** Provided data **
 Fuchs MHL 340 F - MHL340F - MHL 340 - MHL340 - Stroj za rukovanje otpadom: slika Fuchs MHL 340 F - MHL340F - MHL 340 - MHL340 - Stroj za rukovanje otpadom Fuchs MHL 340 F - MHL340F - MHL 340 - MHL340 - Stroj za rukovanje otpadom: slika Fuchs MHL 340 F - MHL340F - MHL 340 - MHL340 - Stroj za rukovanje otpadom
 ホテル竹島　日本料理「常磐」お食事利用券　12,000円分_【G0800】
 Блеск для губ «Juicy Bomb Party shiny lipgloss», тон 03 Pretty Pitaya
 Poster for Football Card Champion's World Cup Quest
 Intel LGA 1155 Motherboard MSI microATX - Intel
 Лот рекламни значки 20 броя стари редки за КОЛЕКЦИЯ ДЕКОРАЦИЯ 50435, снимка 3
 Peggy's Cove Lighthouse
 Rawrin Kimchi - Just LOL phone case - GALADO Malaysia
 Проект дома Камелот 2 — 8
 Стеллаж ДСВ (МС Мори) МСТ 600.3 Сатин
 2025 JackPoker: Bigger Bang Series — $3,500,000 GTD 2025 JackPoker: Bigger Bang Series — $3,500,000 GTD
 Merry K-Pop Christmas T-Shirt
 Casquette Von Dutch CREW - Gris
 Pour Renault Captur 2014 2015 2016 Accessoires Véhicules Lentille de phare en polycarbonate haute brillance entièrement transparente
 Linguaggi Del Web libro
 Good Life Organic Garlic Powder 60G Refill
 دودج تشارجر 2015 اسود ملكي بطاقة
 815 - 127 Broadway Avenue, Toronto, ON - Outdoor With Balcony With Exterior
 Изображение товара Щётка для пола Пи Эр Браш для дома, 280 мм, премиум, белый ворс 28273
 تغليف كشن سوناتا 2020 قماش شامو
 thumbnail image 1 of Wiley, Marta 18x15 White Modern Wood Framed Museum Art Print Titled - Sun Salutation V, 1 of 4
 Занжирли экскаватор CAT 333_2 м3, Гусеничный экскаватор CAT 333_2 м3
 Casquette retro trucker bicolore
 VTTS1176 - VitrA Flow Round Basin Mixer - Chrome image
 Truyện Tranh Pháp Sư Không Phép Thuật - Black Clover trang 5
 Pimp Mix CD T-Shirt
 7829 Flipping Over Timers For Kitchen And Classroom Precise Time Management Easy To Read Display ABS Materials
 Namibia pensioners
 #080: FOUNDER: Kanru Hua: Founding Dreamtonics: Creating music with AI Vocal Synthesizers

** Task details **
Go through the records above and return each line in which the word "дома" occurs.

** Written answer **
 Проект дома Камелот 2 — 8
 Изображение товара Щётка для пола Пи Эр Браш для дома, 280 мм, премиум, белый ворс 28273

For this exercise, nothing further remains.